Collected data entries
☆ ☆ ☆

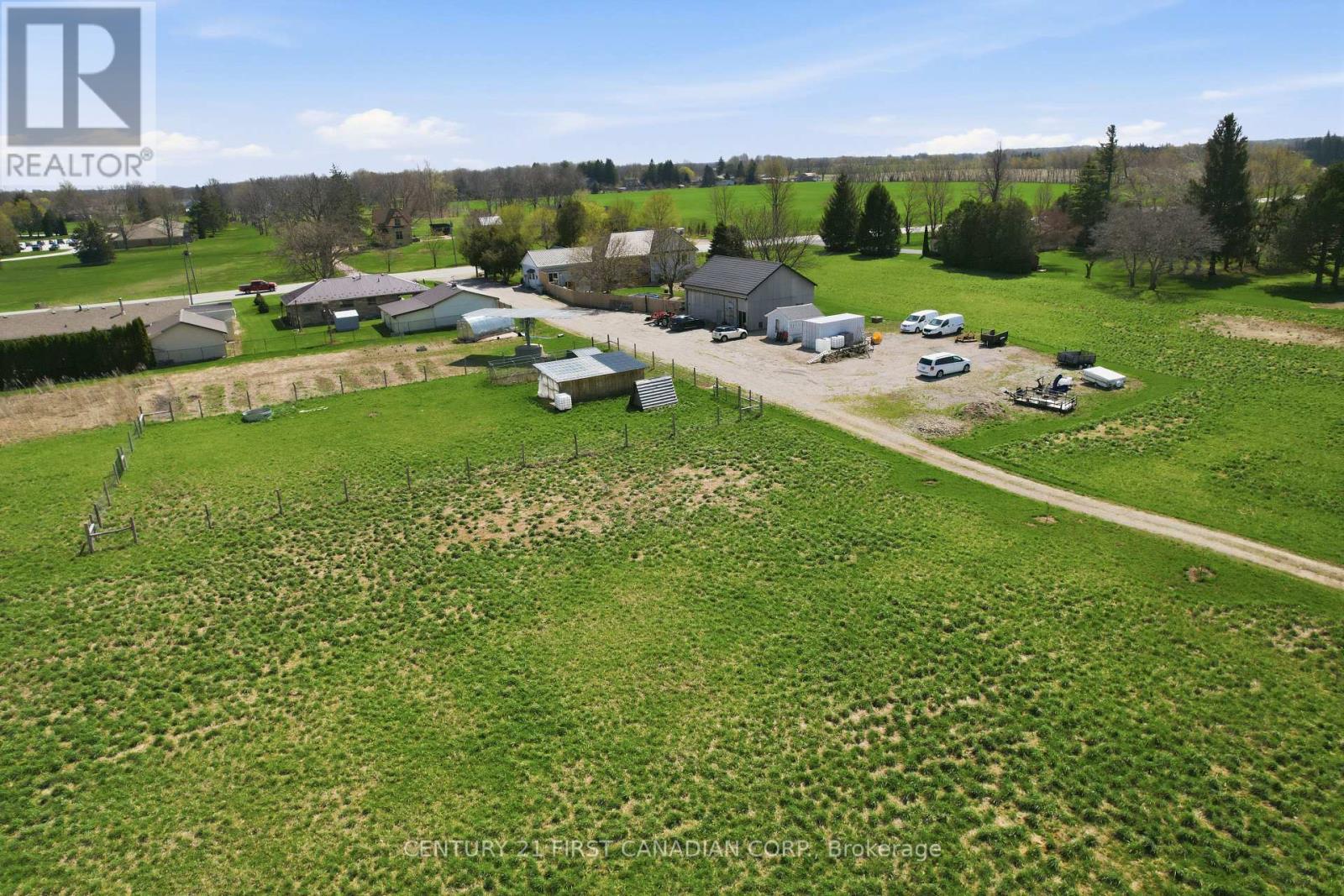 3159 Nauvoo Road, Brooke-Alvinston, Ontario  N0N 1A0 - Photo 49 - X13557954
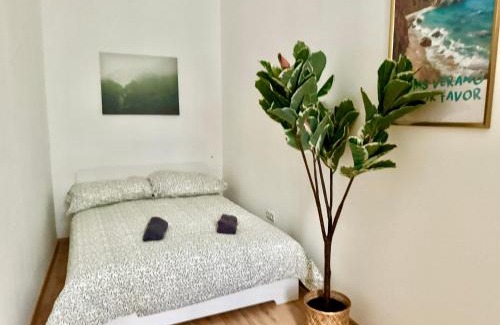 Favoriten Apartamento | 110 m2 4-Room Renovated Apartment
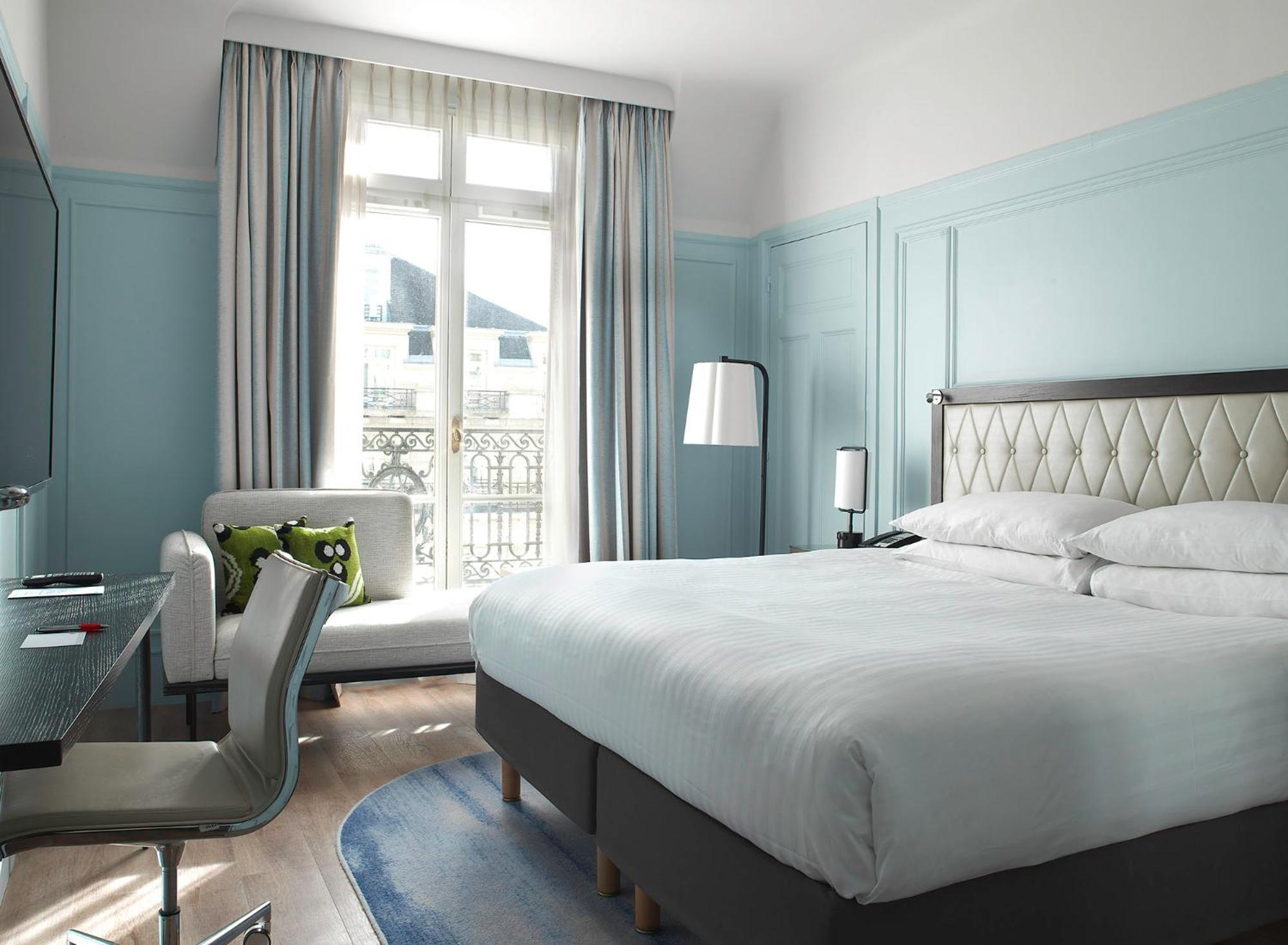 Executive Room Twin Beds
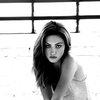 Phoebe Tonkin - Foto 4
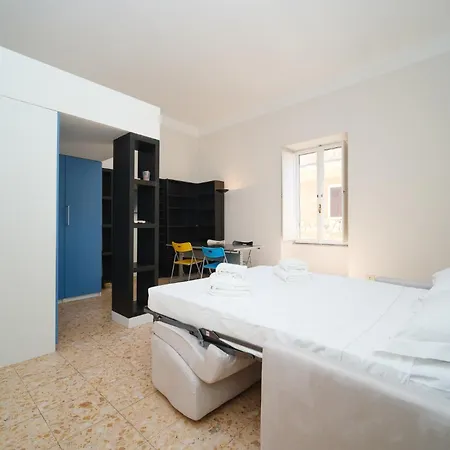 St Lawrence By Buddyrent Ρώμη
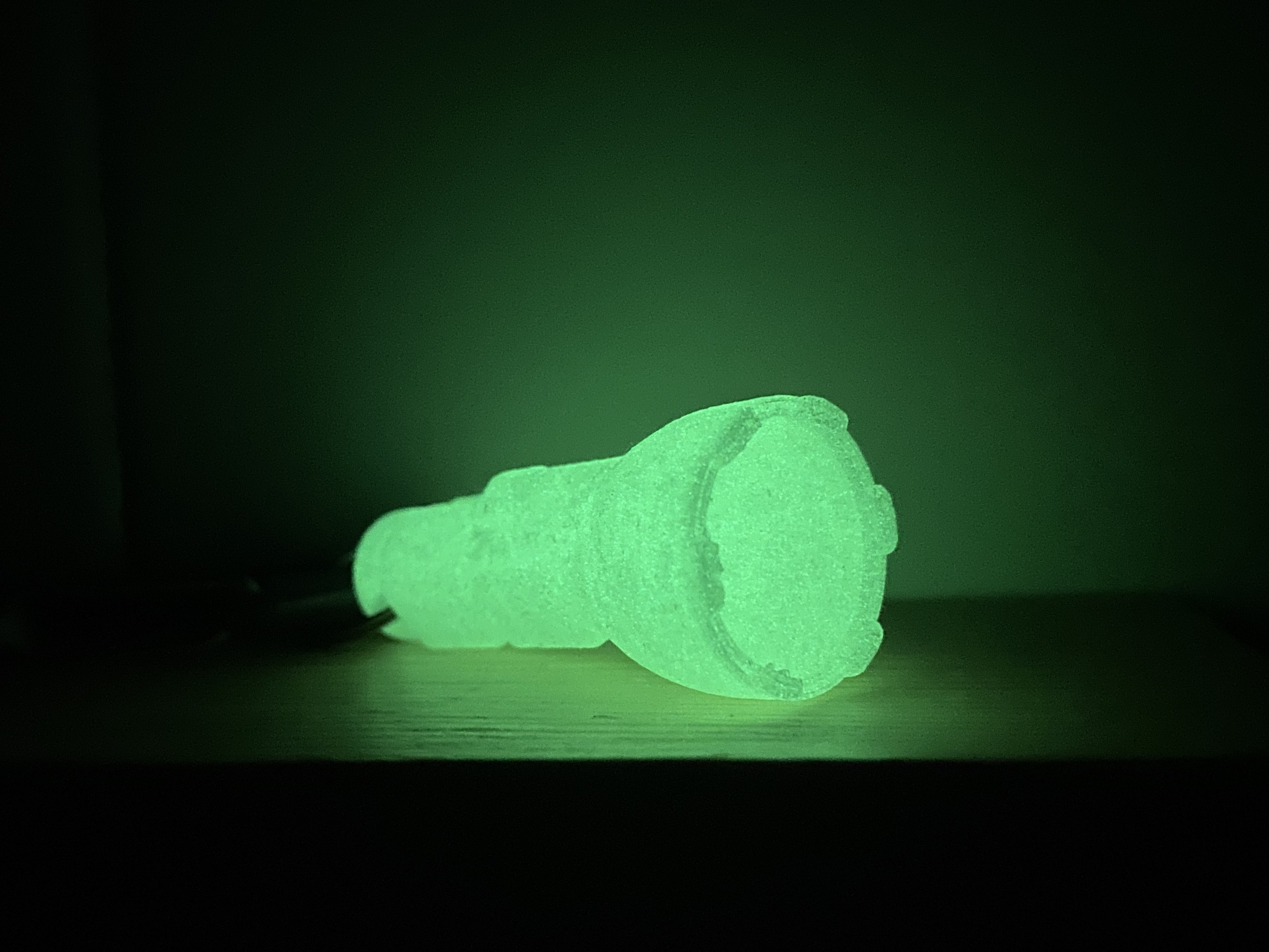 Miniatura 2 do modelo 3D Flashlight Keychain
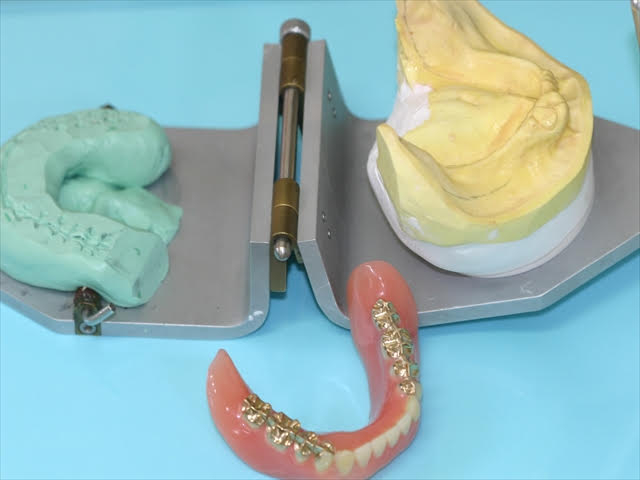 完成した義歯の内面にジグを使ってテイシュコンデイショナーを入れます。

☆ ☆ ☆

--- Work order ---
Return nothing except the lines from the line with "St Lawrence By Buddyrent Ρώμη" through the last line of the records above, copied exactly and without pictures.

--- Task solution ---
 St Lawrence By Buddyrent Ρώμη
 Miniatura 2 do modelo 3D Flashlight Keychain
 完成した義歯の内面にジグを使ってテイシュコンデイショナーを入れます。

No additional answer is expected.